Frederica Freyberg:
Tuesday’s protests in Madison is sparking a deeper debate about how far is too far. Dr. Sami Schalk is an associate professor in the Department of Gender and Women’s Studies at the UW-Madison. Her specialty is the intersection of race, gender and disability. She talked to Marisa Wojcik this week on those topics for our online “Noon Wednesday” segment. While not part of Tuesday’s protests, as an activist herself, she also spoke to what likely sparked them.
Marisa Wojcik:
In response to the protest last night at the Capitol, you tweeted this morning people in Madison clutching their pearls as if folks haven’t been protesting and marching in the streets shouting “no justice, no peace.” You don’t seem surprised by the events last night, and you spoke to this a bit. What do you kind of expect going forward?
Sami Schalk:
Yeah. So, I mean, I anticipate that there will be a wave of repression. So I anticipate — Governor Evers already said that he’s prepared to put out the National Guard. Anytime the state kind of tries to push back, people are going to push back more. So rather than saying we hear you and we’re going to do something to address the problem that you are so upset about, that you have been so harmed by. Instead there’s this mass suppression. And whenever that happens, people are going to act out even more. When you put more violence on the people who are upset about violence, you’re going to get violence back. And I don’t personally believe that property destruction is violence. I think that it is a way that people who have been disempowered and have no other way to express their power other than to tear something down express their power.
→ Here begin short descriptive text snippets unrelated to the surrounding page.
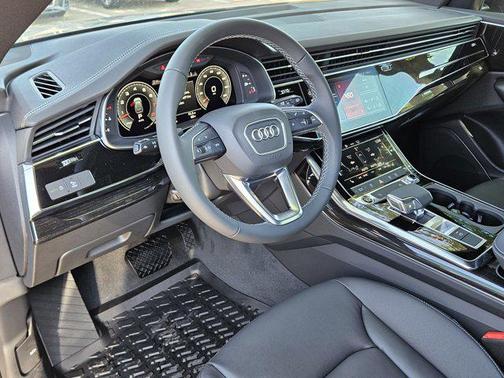 2025 Audi Q8 55 Premium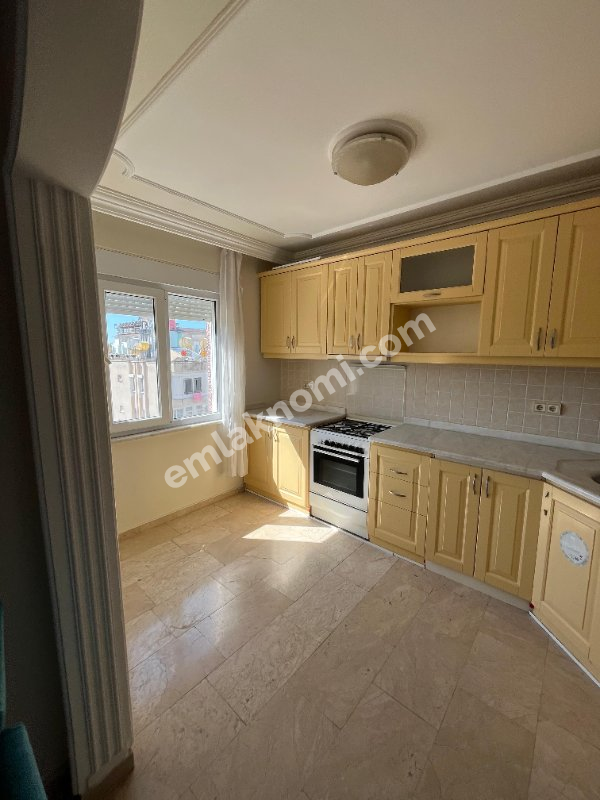 Antalya Mahmutlar Mahallesi Kiralık 2+1 Daire - Fotoğraf 11
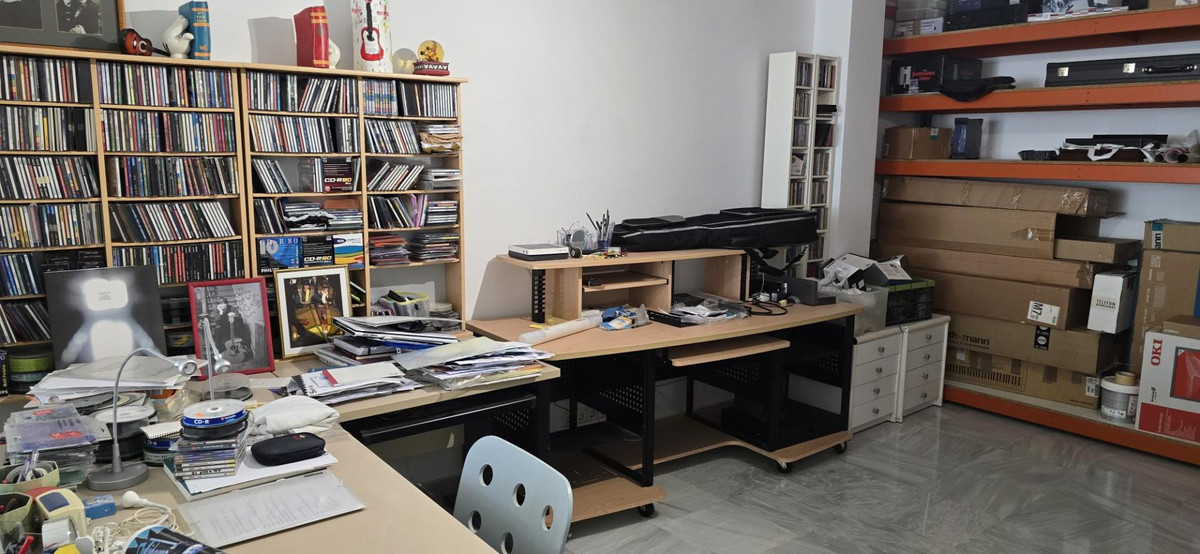 Se vende Apartamento Planta Media de 2 dormitorios en Costa Del Sol, Málaga, España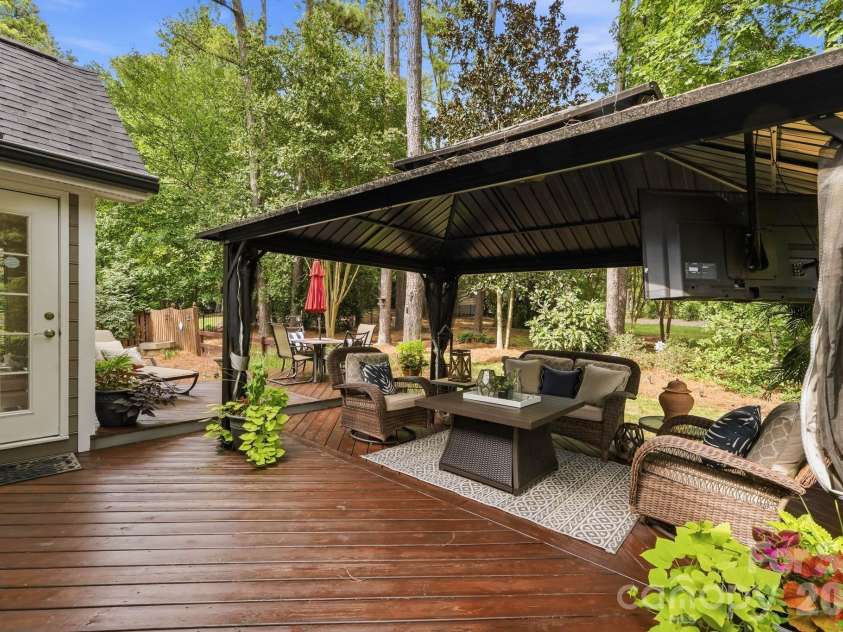 133 Lake Pine Road, Mooresville, NC 28117.  MLS# CAR4405559, YatesRealty ID 39798. 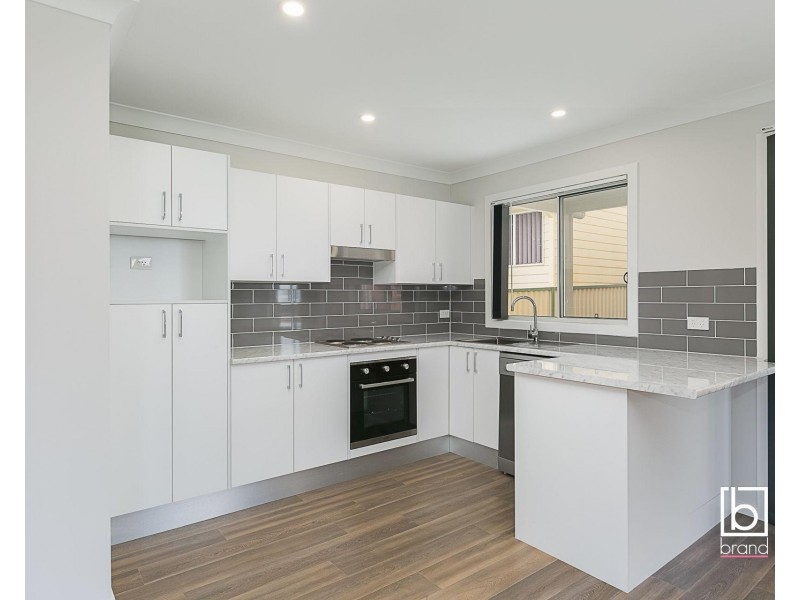 26a Campbell Parade, Mannering Park NSW 2259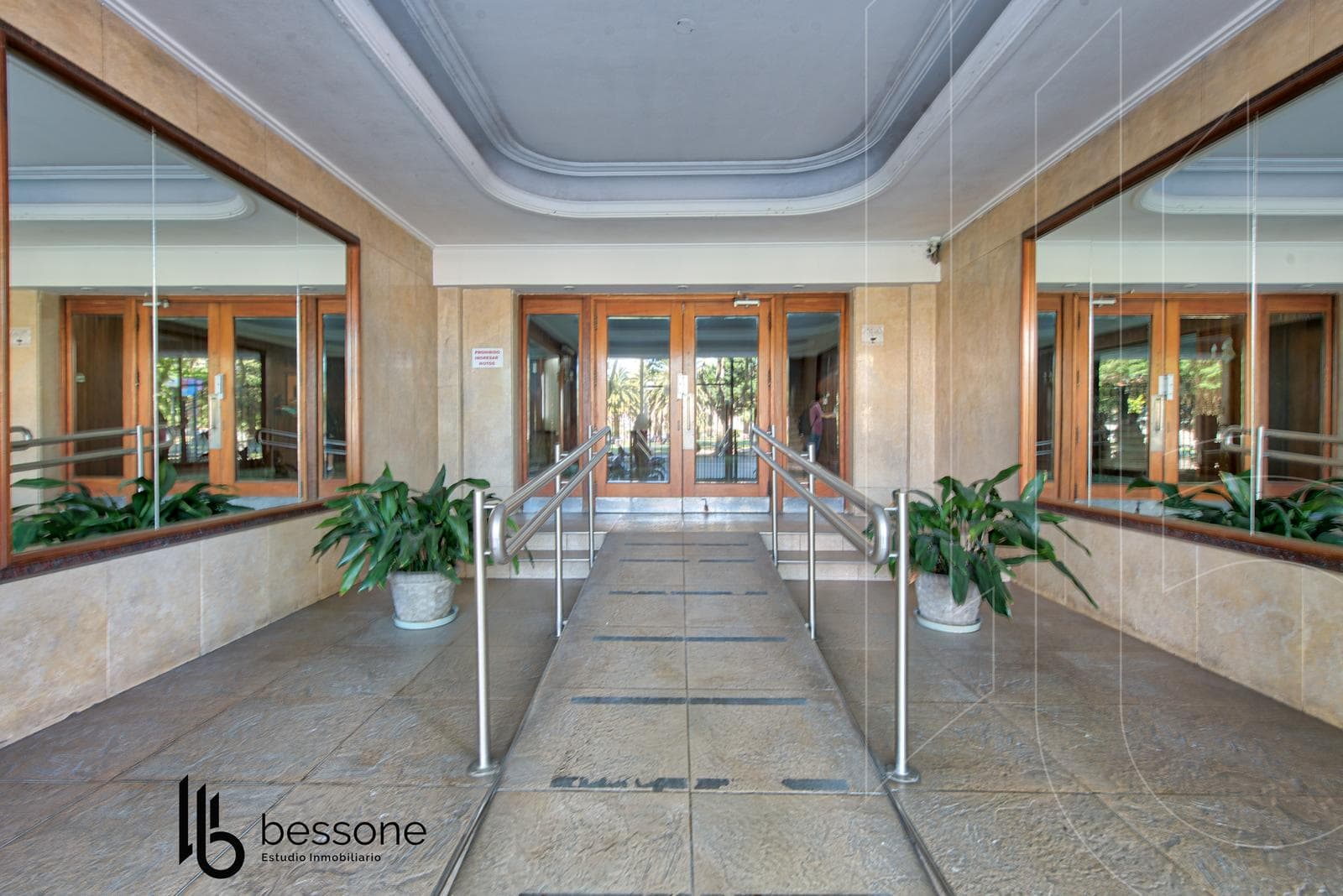 Apartment in Plaza Colón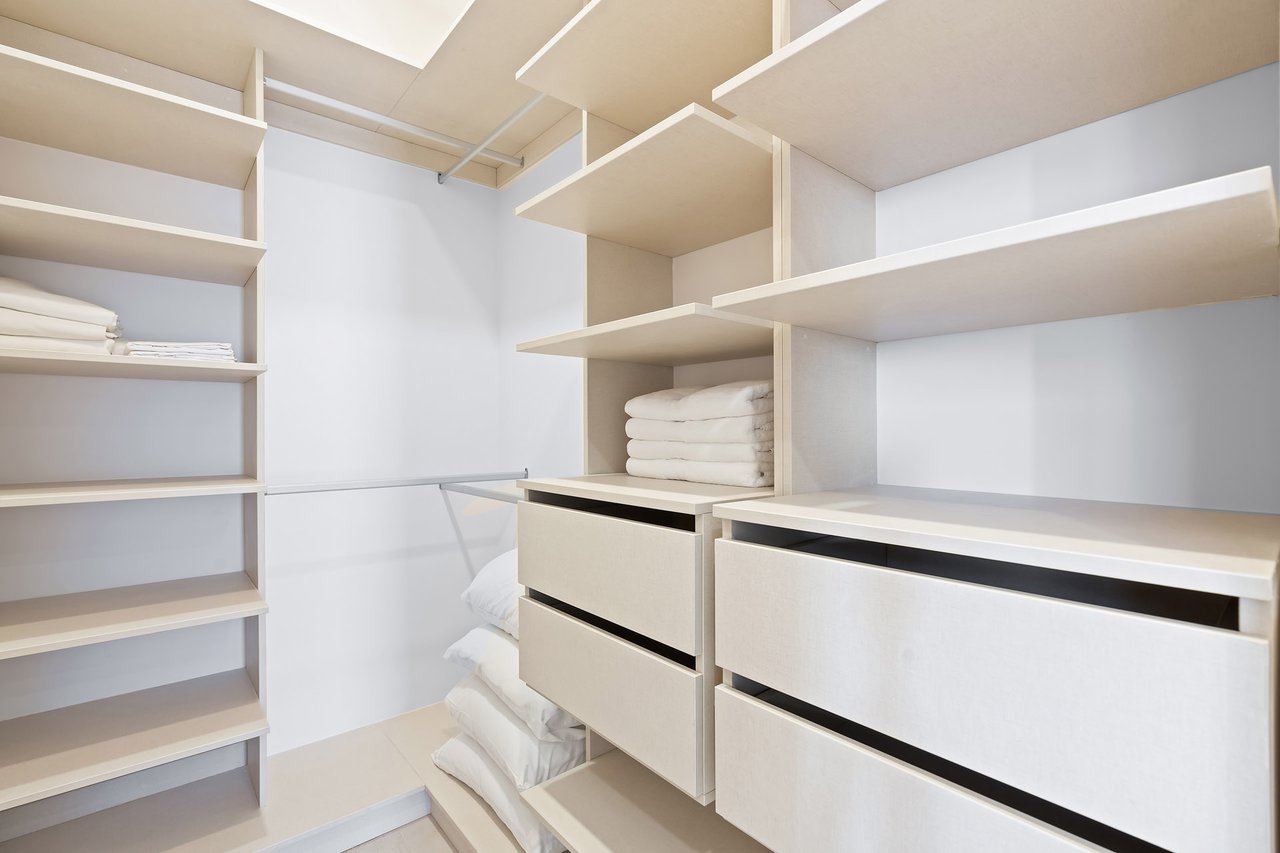 Villa Tropical Dawn | 4-Bedroom Modern Oasis in Bosques de Pinilla with Forest Views & Resort-Style Amenities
Right, there are things that the mayor and the governor could be doing, but individual people, these like 17 to 25-year-old folks out in the streets, what power do they have besides to scream the streets and to pull down a statue to say we’re here and you need to listen to us. So I anticipate that that’s going to keep happening until things shift in terms of the way that the city responds and the city has really been responding with these placating measures and then going behind our back. I mean that video that came out of the mayor speaking to the police, no one trusts her now. No one believes she’s on our side in any way whatsoever. And, so, yeah, the trust has really been broken in the city between folks who I think really wanted to believe in the liberal progressive ethos of Madison that really thinks of itself as this special little gem, so different than the rest of Wisconsin. And we see that it’s all just a facade. So folks are really fed up. So yeah. I anticipate that what we saw last night is not the end of that. And I think that there will be more pushback from the police and from the National Guard. I anticipate there will probably be gassing occurring again and rubber bullets, because this is the way they respond to people exercising the little bit of power that they have.
Marisa Wojcik:
You are hoping for real, substantive, long-term change as an outcome of all of this. What does that look like specifically to you?
Sami Schalk:
Yep. That looks like getting cops out of schools immediately. That’s an immediate thing that we can do. It’s summer. Before the school year starts, we sign no cops, absolutely no cops in schools. It means defunding the police in this city and redirecting those resources to other areas to provide the kinds of support that we need. We understand in the movement that some of the jobs that cops do are necessary, right? Like we need people who can block traffic sometimes when things are happening. That doesn’t need to be a police officer with a gun. There’s no reason for it. We’re doing it ourselves with our cars. It’s fine. Right? So we understand that those resources, some of those resources need to be redirected into safety and to making sure that there are things to help folks who are having mental health crises. All of that needs to happen, but it doesn’t need to be policing with guns and they have way too much power and way too much control. There needs to be a defunding of police and redirecting those resources into the spaces we actually need to make this city safe and usable for a whole lot of folks. So those are the main things. And then community control. That even when we develop those safety committees or whatever it’s going to look like to create safety, it has to be under community control, meaning that individual people, not paid members who are like working for the state, but individual members of the community are able to say we fire you or we reprimand you or whatever, that they have to be accountable to the community, not to themselves. With the police union, the only people that can reprimand police are people who are police. That makes no sense, makes no sense for them to be the ones that are so-called keeping themselves accountable. There is no way to hold people accountable when they’re just doing it within a group. So there needs to be community control of police. They need to be out of schools. And they need to be defunded. That’s our first kind of major thing. But of course there are all kinds of other things that we would like to see to make sure that we live in a world where people, all people, including white folks, including straight folks like y’all, we want y’all to be okay, too. But in order for that to happen, we have to be okay. That’s why again we send our folks who are most marginalized and are most impacted by oppression to understand what needs to change.